(Beginning of Data for processing)

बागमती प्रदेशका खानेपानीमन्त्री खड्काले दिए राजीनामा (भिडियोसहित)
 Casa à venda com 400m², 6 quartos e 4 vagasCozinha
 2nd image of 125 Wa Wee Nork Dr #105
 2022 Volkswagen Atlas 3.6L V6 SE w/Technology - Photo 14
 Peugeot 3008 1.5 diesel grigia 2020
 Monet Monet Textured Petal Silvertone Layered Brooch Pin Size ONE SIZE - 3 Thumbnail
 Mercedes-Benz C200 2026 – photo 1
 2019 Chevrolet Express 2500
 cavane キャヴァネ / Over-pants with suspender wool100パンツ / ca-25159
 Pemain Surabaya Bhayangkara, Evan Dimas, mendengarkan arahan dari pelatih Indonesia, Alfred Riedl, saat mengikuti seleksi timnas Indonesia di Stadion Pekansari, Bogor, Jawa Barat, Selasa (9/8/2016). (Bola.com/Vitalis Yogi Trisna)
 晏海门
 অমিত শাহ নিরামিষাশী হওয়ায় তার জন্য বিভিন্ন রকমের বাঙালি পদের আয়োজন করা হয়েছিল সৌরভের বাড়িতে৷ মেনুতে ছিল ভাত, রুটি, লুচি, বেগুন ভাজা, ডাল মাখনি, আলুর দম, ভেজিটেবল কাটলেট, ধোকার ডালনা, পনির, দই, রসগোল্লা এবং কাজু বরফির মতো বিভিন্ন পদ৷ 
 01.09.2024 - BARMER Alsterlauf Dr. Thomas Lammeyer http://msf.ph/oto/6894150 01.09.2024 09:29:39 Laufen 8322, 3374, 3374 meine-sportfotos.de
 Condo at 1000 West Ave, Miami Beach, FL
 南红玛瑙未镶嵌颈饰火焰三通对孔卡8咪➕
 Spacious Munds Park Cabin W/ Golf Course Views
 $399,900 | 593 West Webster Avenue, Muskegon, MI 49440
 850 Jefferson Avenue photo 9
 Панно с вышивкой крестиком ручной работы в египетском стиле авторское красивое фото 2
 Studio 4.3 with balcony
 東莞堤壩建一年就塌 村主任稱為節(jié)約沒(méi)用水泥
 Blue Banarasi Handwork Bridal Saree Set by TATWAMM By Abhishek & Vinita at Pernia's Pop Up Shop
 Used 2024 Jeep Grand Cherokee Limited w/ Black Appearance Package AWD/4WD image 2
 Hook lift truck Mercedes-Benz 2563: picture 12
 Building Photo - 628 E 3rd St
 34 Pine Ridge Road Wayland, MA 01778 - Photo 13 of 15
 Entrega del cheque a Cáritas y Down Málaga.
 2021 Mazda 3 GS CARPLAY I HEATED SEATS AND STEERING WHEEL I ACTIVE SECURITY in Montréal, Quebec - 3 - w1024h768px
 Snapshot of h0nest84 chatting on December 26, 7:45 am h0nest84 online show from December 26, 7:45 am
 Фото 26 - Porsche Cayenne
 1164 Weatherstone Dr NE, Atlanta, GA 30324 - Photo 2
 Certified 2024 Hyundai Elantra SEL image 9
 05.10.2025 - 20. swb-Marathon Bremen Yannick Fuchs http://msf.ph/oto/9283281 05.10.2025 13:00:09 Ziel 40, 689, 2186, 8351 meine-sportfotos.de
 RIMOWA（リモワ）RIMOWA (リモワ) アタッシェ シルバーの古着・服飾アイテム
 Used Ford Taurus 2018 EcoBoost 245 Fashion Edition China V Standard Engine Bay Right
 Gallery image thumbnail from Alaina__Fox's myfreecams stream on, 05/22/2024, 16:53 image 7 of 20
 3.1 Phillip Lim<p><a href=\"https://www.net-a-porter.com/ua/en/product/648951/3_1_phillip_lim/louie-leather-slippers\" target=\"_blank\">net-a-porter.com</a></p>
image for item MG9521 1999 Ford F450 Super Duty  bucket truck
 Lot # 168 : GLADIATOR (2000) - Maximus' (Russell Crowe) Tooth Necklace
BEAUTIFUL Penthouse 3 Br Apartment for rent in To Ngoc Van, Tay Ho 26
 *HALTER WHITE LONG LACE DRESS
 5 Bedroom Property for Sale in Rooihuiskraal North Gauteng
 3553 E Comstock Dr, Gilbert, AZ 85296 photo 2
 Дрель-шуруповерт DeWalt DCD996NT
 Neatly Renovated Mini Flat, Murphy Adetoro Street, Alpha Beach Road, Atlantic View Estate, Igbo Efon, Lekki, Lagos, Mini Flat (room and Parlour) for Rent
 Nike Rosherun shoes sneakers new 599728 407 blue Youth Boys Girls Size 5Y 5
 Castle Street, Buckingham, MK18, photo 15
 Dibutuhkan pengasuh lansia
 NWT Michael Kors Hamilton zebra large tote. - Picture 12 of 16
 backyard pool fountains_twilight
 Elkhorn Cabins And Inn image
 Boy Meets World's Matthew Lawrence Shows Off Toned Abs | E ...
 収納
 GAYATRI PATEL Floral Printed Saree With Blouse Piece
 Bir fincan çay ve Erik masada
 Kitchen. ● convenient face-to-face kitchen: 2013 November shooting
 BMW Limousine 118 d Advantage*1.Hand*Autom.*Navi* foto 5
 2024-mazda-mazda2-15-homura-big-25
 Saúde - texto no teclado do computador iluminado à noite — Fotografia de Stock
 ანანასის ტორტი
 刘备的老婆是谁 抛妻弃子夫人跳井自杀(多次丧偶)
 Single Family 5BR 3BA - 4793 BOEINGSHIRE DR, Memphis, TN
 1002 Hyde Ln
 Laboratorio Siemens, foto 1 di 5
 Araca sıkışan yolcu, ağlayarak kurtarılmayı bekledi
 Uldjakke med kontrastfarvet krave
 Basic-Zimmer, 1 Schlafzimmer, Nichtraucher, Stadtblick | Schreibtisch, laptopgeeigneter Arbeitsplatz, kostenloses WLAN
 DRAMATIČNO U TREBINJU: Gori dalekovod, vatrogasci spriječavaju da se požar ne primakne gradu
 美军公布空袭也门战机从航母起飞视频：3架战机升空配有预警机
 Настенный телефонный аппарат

(End of Data for processing)

Work task
All lines in the listing above between the line with "2021 Mazda 3" and the line with "Certified 2024 Hyundai Elantra SEL image 9", inclusive, should be set down exactly, and no line outside that range.

Output for this task
 2021 Mazda 3 GS CARPLAY I HEATED SEATS AND STEERING WHEEL I ACTIVE SECURITY in Montréal, Quebec - 3 - w1024h768px
 Snapshot of h0nest84 chatting on December 26, 7:45 am h0nest84 online show from December 26, 7:45 am
 Фото 26 - Porsche Cayenne
 1164 Weatherstone Dr NE, Atlanta, GA 30324 - Photo 2
 Certified 2024 Hyundai Elantra SEL image 9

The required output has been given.